For example, Mattys et al. (1999) familiarized 9-month-old English-learning infants with a stream of syllables containing lexical stress and phonotactic cues pitted against each other. The syllable stream consisted of CVC-CVC disyllabic non-words that were stressed either on the first or on the second syllable. Crucially, the adjacent consonants at syllable boundaries had either a low probability of occurring at word boundaries and a high probability of occurring inside of words in English speech or vice versa. The results show that infants listened significantly longer to disyllabic nonce words with a trochaic (strong-weak) pattern that violated phonotactic cohesion compared to iambic (weak-strong) nonce words that adhered to phonotactic cohesion. Similar findings were also obtained by Johnson and Jusczyk (2001), who familiarized 8-month-old English-learning infants with a syllable string that contained conflicting cues to word boundaries, namely lexical stress and TPs. After familiarization, infants were tested with words based on prosodic cues and words based on TPs. They found that English-learning 8-month-olds’ segmented the familiarization stream with prosodic rather than statistical cues. These findings suggest that, shortly before their first birthday, English-learning infants rely more on prosodic than on distributional cues to segment continuous speech into possible word candidates.

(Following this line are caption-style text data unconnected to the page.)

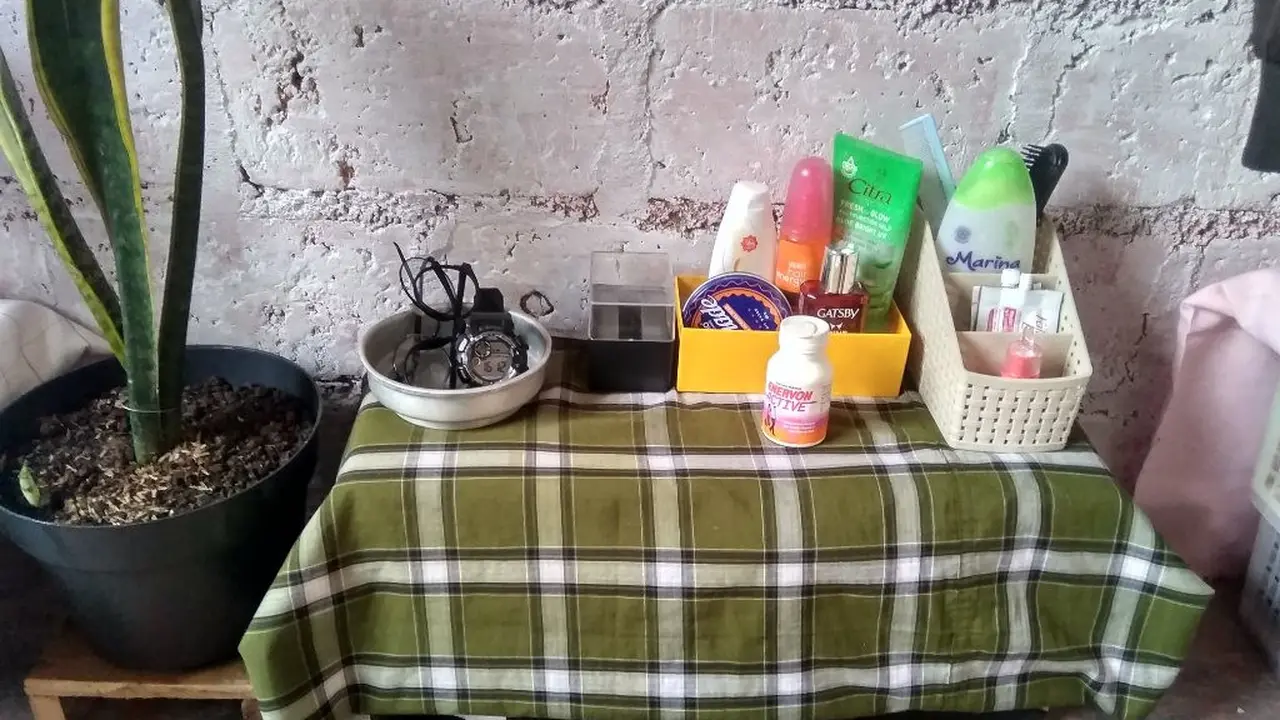 Viral Dekorasi Kamar Estetis Low Budget, Ubah Sarung Bekas Jadi Taplak
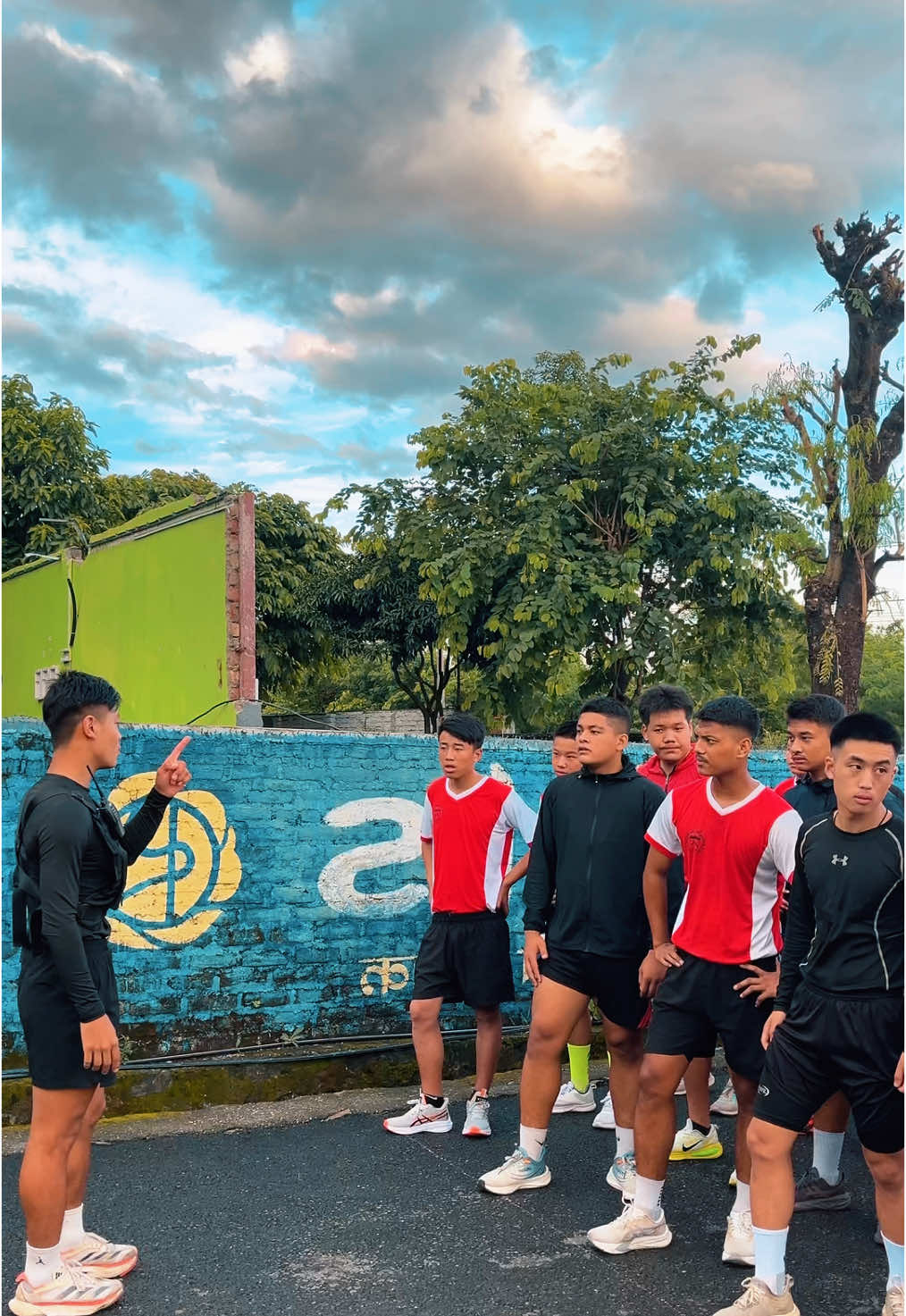 Good morning ☀️ ~up hill sprint~‼️💫#aabbiigurung #aabbiiguruji #guruji #fly #foryou #foryoupage #keeploving #keepsupporting #goviral #dharanmuser🇳🇵 #sunrisefamily #sunrisetrainingcenter #dharan15 #milanchowk #intake2026🇬🇧⚔️🇸🇬 #singapore #british 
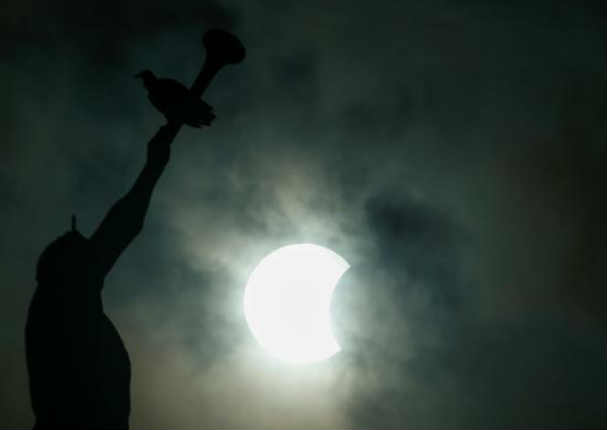 Eclipse solar: Impresionantes imágenes del fenómeno más esperado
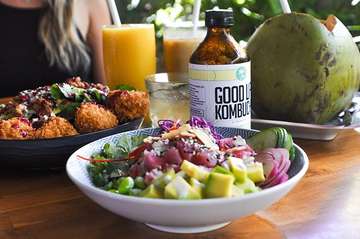 The best Poké Bowl in my life!! (I tried Kombucha (pineapple basil) for the first time and I love it! Kombucha cultures (yeast& bacteria) are good for digestion, detoxification, weight loss,.... #nude #cooperation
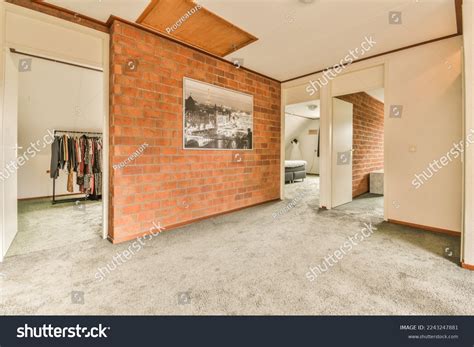 List Of Side Of The Wall Going Viral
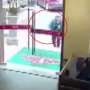 Kurir Bisa 'Tembus' Pintu Ini Jadi Viral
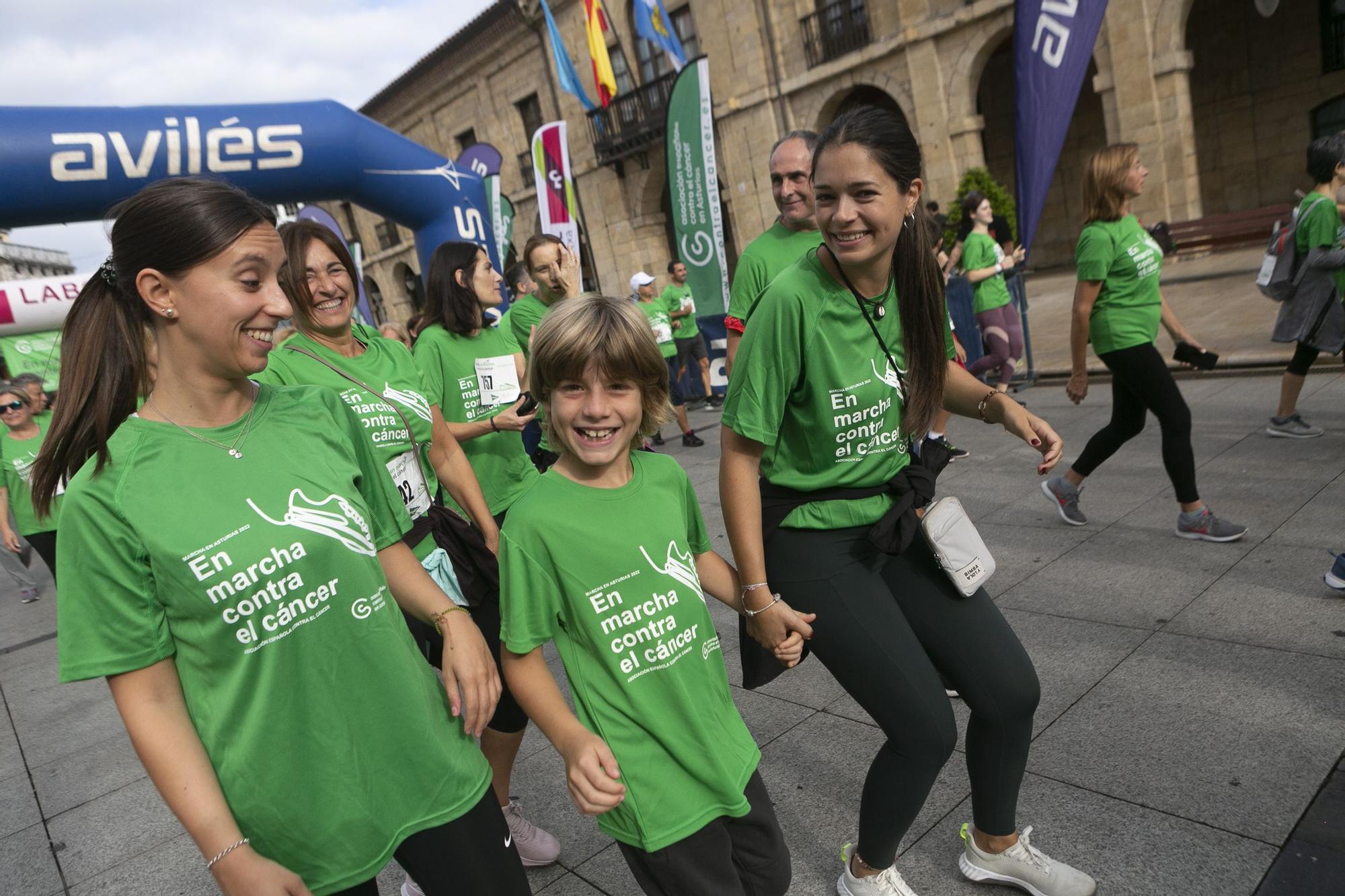 EN IMÁGENES: Asturias se echa a la calle para correr contra el cáncer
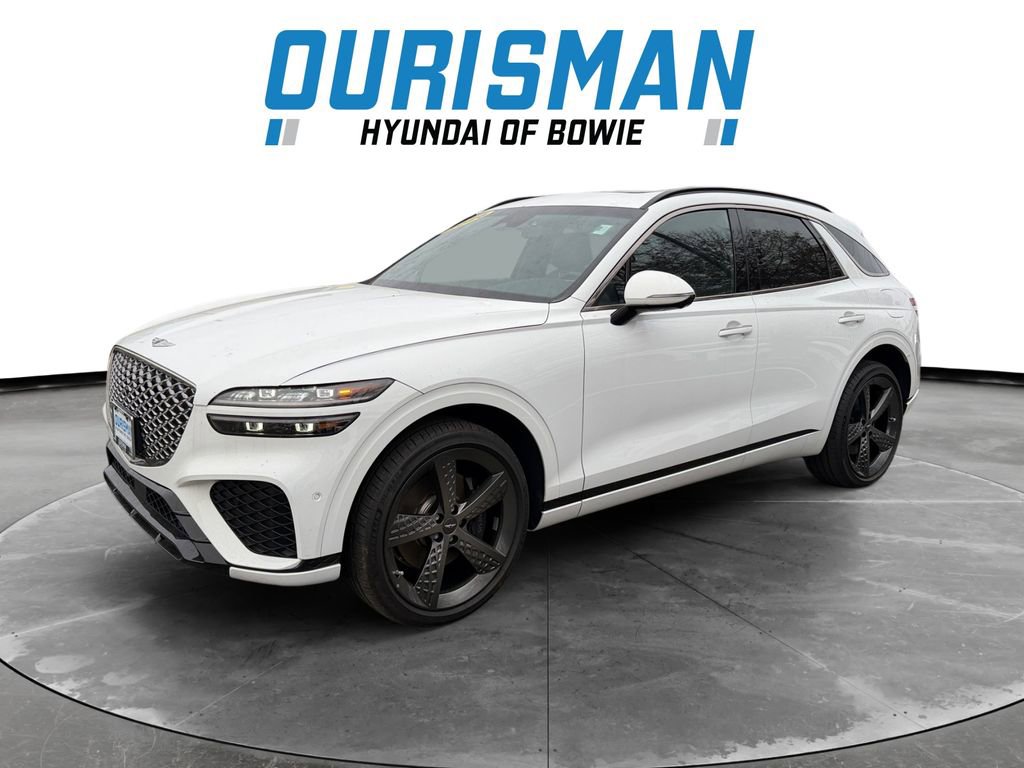 Used 2025 Genesis GV70 3.5T Sport w/ Sport Advanced Package image 2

This preference for prosodic cues over statistical cues when segmenting speech is subject to developmental constraints. Using a similar experimental design as Johnson and Jusczyk (2001), Thiessen and Saffran (2003) showed that, while English-learning 7-month-olds relied more strongly on statistical cues in their segmentation performance, 9-month-olds were more strongly guided by prosodic cues. Based on these findings, the authors argue for an initial dominance of statistical cues over prosodic cues. They explain this change in cue relevance by a crucial difference in the status of the cues. As opposed to the dominant lexical stress pattern in spoken languages, which are language specific, computing TPs in the speech input needs no specific language knowledge and therefore may serve as an initial gateway to speech segmentation. This developmental shift was subsequently also supported by findings showing that 5-month-old English infants rely more on statistical cues (Thiessen & Erickson, 2013) and that 11-month-olds rely more strongly on prosodic cues (Johnson & Seidl, 2009).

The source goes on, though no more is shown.